Un’altra cosa che per me è stata molto curiosa è il modo in cui i momenti conviviali siano strettamente legati alla necessità e nulla di più. Pratici e svelti, senza perdersi in numerose portate, caffè, chiacchiere. L’idea di perdere tempo prezioso è innata in quasi chiunque e passare molto tempo a tavola è un modo di sprecare preziosi attimi di vita. Mi sono soventemente  sentita dire “Hai finito? Possiamo sparecchiare?” giusto pochi secondi dopo aver ingoiato l’ultimo boccone. Sono stata a “pranzi” di compleanno della durata massima di un’ora, come  fosse maleducato fermarsi per troppo tempo. 

Tutto questo insieme ha lasciato la me bambina un po’ amareggiata nel rendermi conto che fare conoscenza, amicizia, interagire con le persone e farmi spazio nella loro vita sarebbe stato – ed è stato – molto più difficile di quanto avrei mai potuto immaginare. 
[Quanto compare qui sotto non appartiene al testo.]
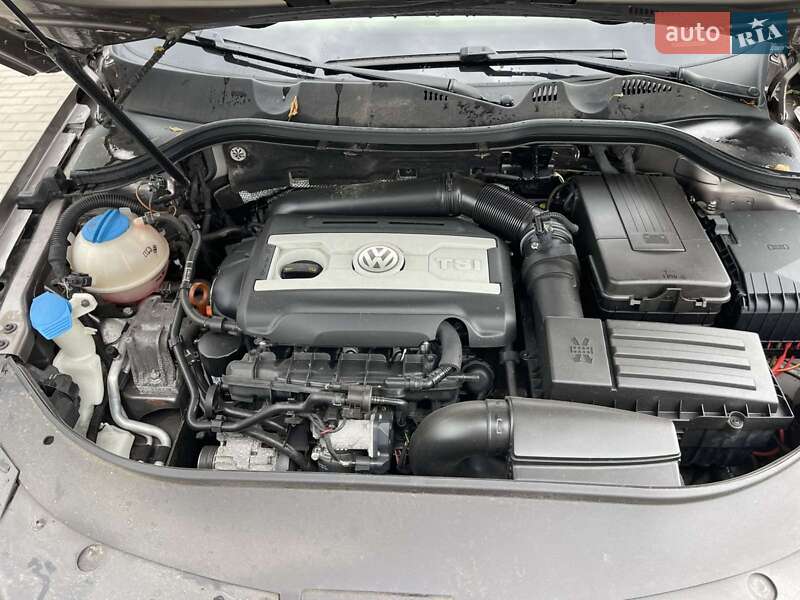 Универсал Volkswagen Passat 2011 в Чернигове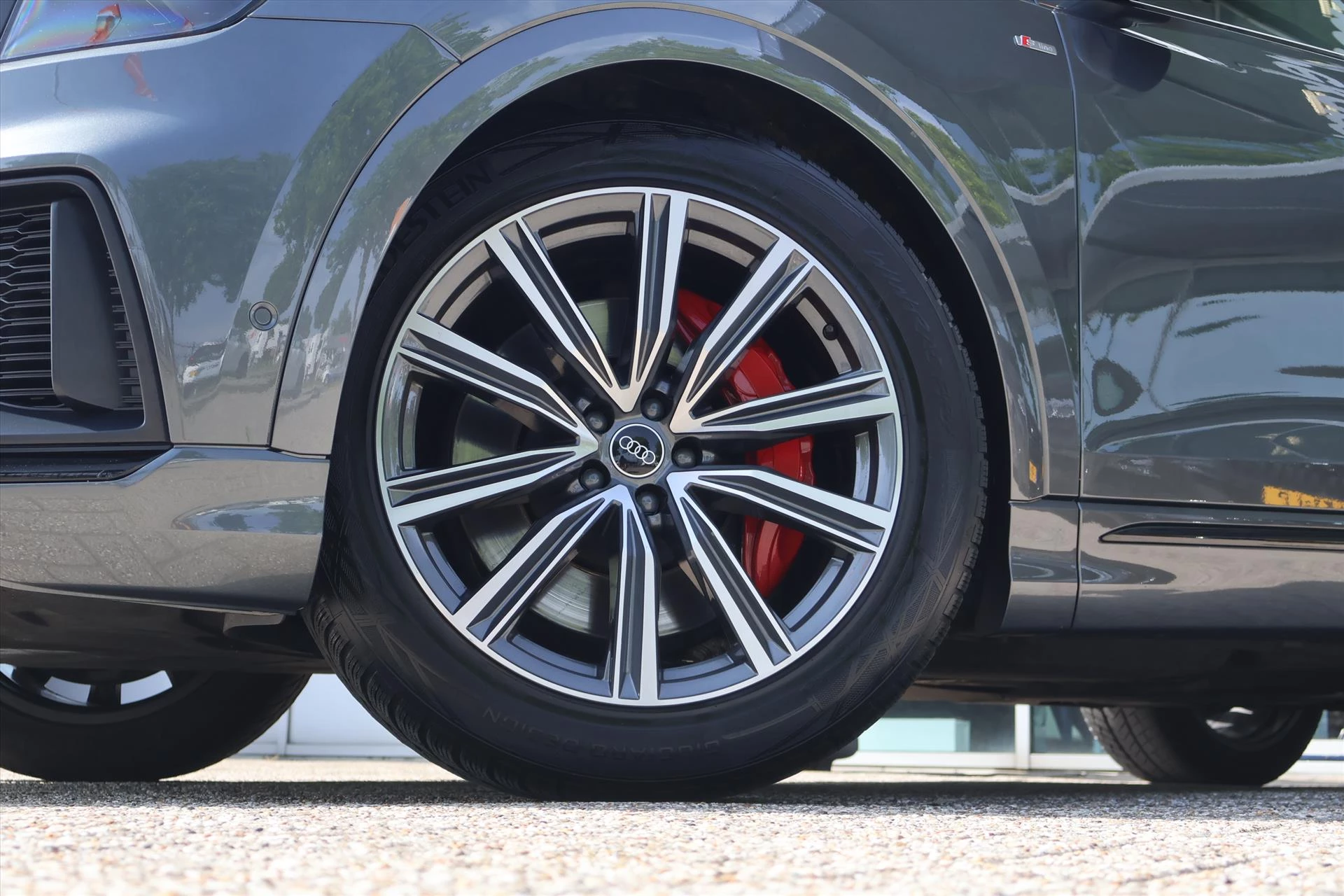 Hoofdafbeelding Audi Q8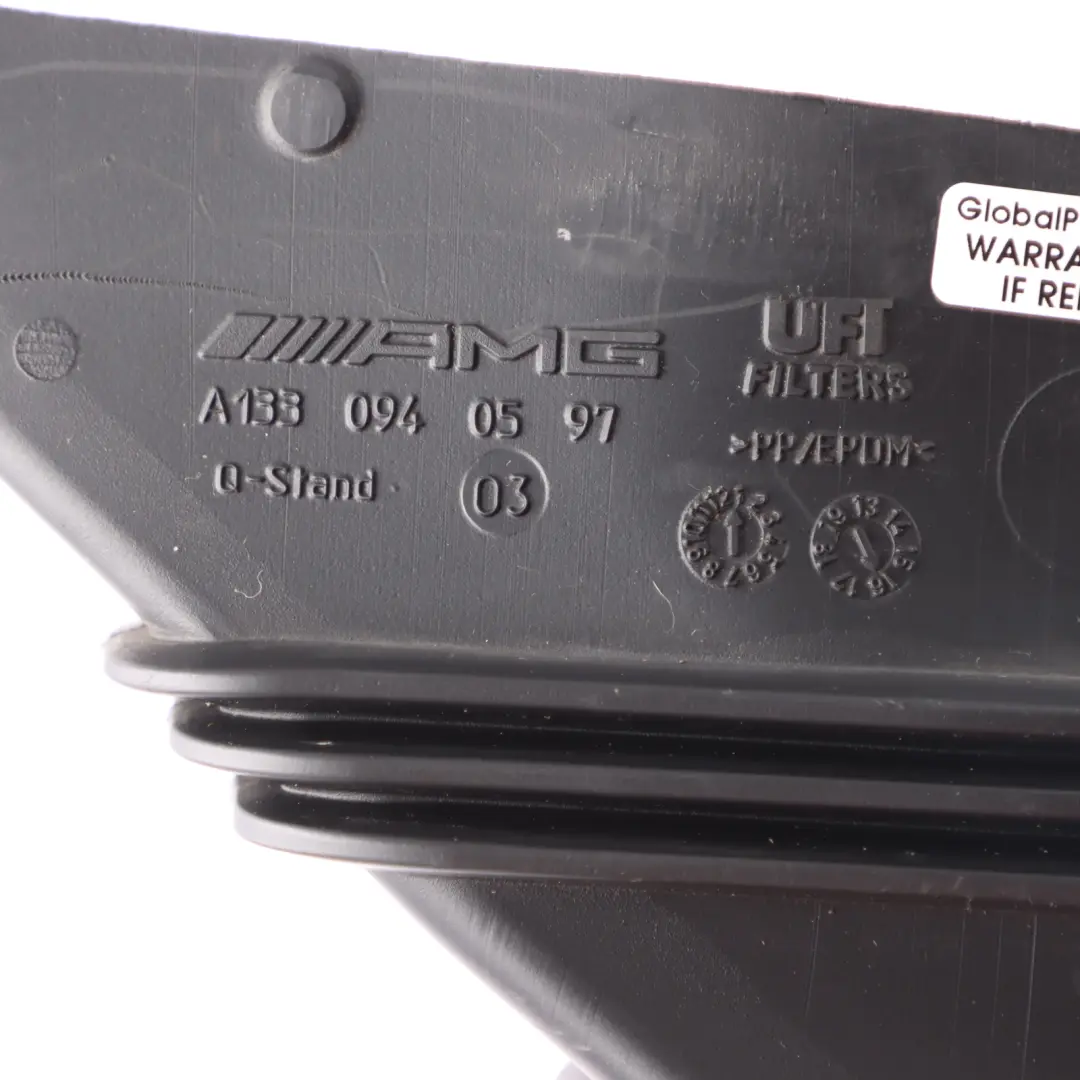 Przewód Rura Wlot Dolot Powietrza Airbox do Mercedes C117 W176 o numerze A1330940597 Mercedes C117 W176 Przewód Rura Wlot Dolot Powietrza Airbox - SKU A1330940597 - Numer Części A1330940597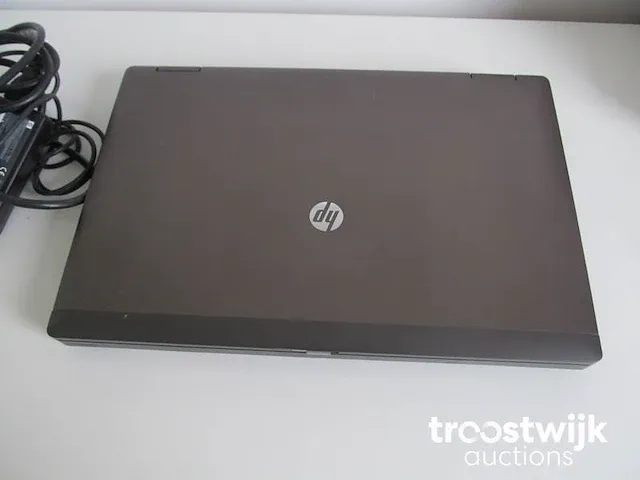 Laptop - afbeelding 4 van  5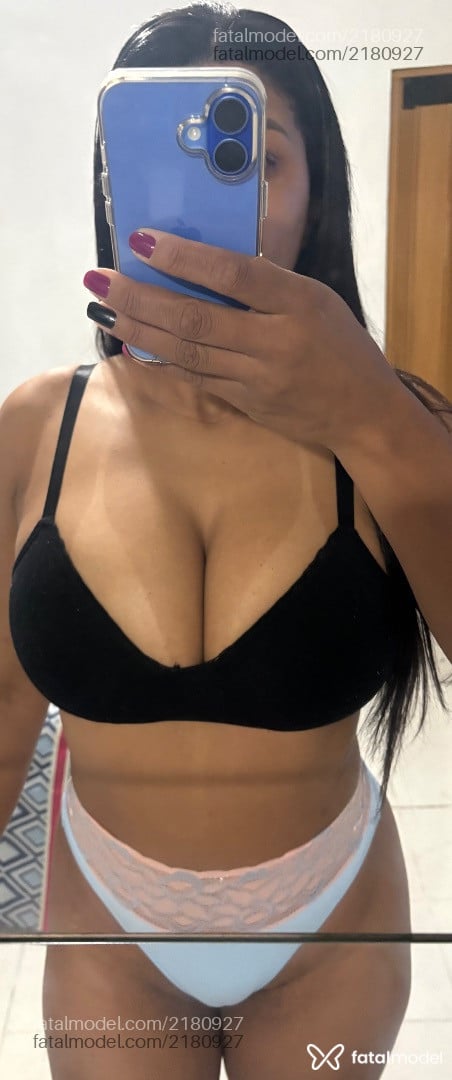 Acompanhante mulher com cabelo castanho de olhos pretos - Morenah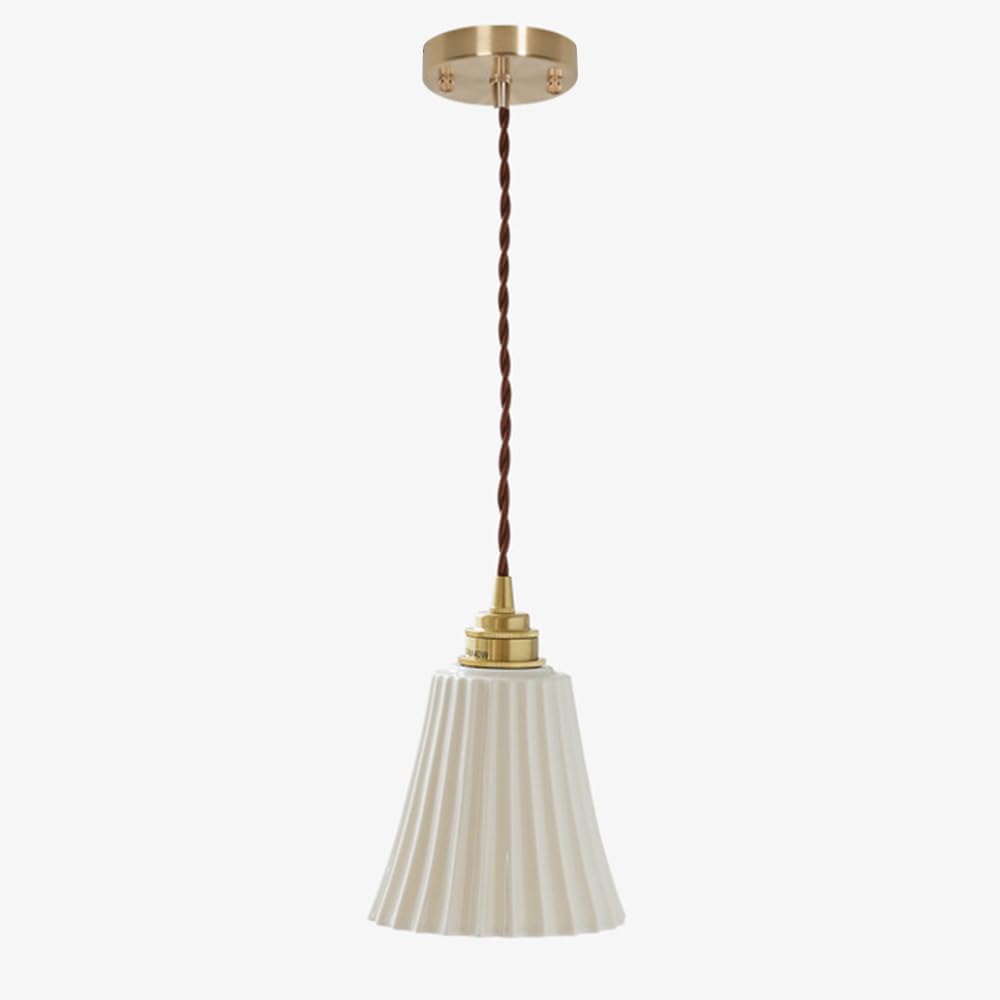 Lustre en céramique blanche rétro avec détails en laiton pour votre séjour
Non tanto perché le persone non fossero curiose nei miei confronti, quanto perché le differenze culturali sono tangibili nella socialità quotidiana. Sono comunque riuscita a fare qualche conoscenza, ma paradossalmente la vera unica amica che ho trovato è una ragazza di Torino, anche lei qui per il semestre all’estero. Certo, entrambe stiamo vivendo le stesse sensazioni e affrontando le stesse difficoltà, ma allo stesso tempo siamo accomunate dallo stesso modo di agire e pensare. 

Vivendo le differenze sulla mia pelle, mentre sto ancora cercando di adattarmi e integrarmi al meglio, ho capito che il mio sogno di bambina non si è avverato nel modo che immaginavo. La città che avevo idealizzato per anni si è rivelata tanto affascinante quanto complessa, e la realtà di viverci ogni giorno mi ha messo di fronte a sfide che non avevo previsto. Tutte le differenze culturali, anche quelle più sottili, mi sono sembrate ostacoli insormontabili all’inizio, e in parte lo sono ancora, ma rappresentano anche l’opportunità di crescere e di vedere il mondo con occhi diversi. Mi rendo conto che l’amore che nutrivo per Amsterdam non è mai svanito, ma si è trasformato. La città continua a togliermi il fiato ogni giorno, con i suoi canali, le biciclette, e la sua bellezza inconfondibile, ma ora sono anche consapevole di cosa c’è al di là delle apparenze. 

La difficoltà di adattamento, nell’entrare veramente in contatto con le persone, mi ha insegnato l’importanza della pazienza, del rispetto reciproco e, soprattutto, dell’apertura mentale. Ogni esperienza di vita, anche quella più difficile, ci arricchisce e ci fa evolvere.